Some of my regular readers expressed a concern about my mental state after yesterday's depressing post about publishing exhaustion, so I thought I'd take today to write about my healthy perspective on the business. I'm reminded of an old Doonesbury cartoon (so old that I'll have to paraphrase from memory) in which a university instructor, angry over his treatment, threatens to quit and take a post in private industry. "You teach Latin," his colleague reminds him, "I'm not sure there's much demand for instructors of dead languages in industry these days."

Sure, Sunday was rough. I spent a good 11 or 12 hours sitting in front of the computer screen, cutting and pasting away to fix problems that never should have appeared. But let's compare with Monday. Monday I worked construction, the only activity that's taken more of my hours than publishing the past six or seven years. It was six degrees (Fahrenheit, my metric friends) when I left in the morning and sixteen degrees when I got home at night. The sixteen felt positively balmy. The job was in the hills where it's colder, and although we were working "inside" some of the day, the windows aren't in yet, so the house was a wind tunnel. I probably tweaked my back again picking up a jointer/planer and putting it in the tractor bucket. One of the joys of never learning to operate heavy equipment is permanent laborer status:-)

Back to publishing. I did have to unload a truck full of 55 lb. boxes of hardcovers once and distribute them between the attic and the second floor, but I was in pretty good shape at the time. I got in shape moving around slabs of oak weighing as much as ten times that, thanks to a multi-year foray into chainsaw-mill sawyering. And there is that right shoulder injury from three months of photo cropping on an old 486 that changed me into a left-handed computer user, but it doesn't quite compare with the time a log same off a hydraulic splitter and hit me in in the, I don't even want to remember.

Publishing has its ups and downs, but roofing a 14 pitch timber frame last year instilled in me a fear of the all the way downs!

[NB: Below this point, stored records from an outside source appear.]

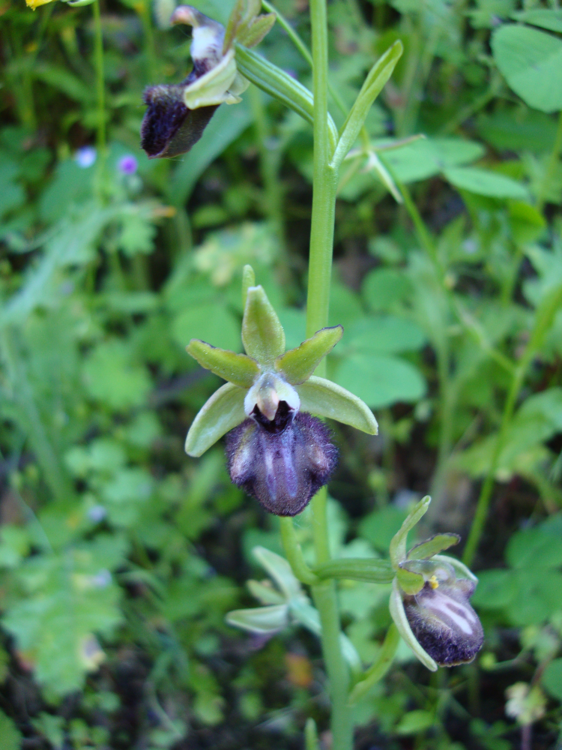 spider orchid.png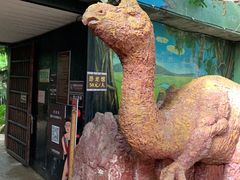 -呀路古热带植物园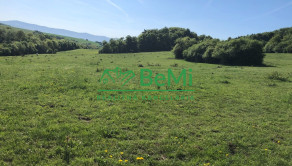 Predaj pozemkov – orná pôda 5 823 m² Bzince pod Javorinou - fotografia 5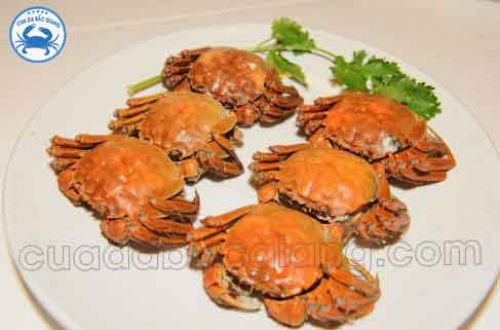 Mùa Cua Da Bắc Giang: Thời điểm tuyệt vời để thưởng thức đặc sản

That's my boot, I'm taking the picture.

Unlike our disappointed Latin professor, I suppose I could go back to writing for a large trade publisher if I gave up on self publishing, since going to work for somebody else as a self publisher would be a contradiction in terms. As I've written many times, I've never been attracted to the idea of selling my time consulting. I'm not thick skinned enough to send people a bill for advice without regard to whether or not it works. I'm afraid it would be a little too much like working as a diet coach. You can tell people how to lose weight, but you can't not eat for them.

I guess I'll just have to adopt Steve Martin's attitude, which beats the heck out of being the guy in the Fool's song "fixing the hole where the meteor hit the barn." At the end of a comedy routine, Martin would pick up his banjo, pluck out a tune and sing, "The most amazing thing of all, I get paid for doing.....this."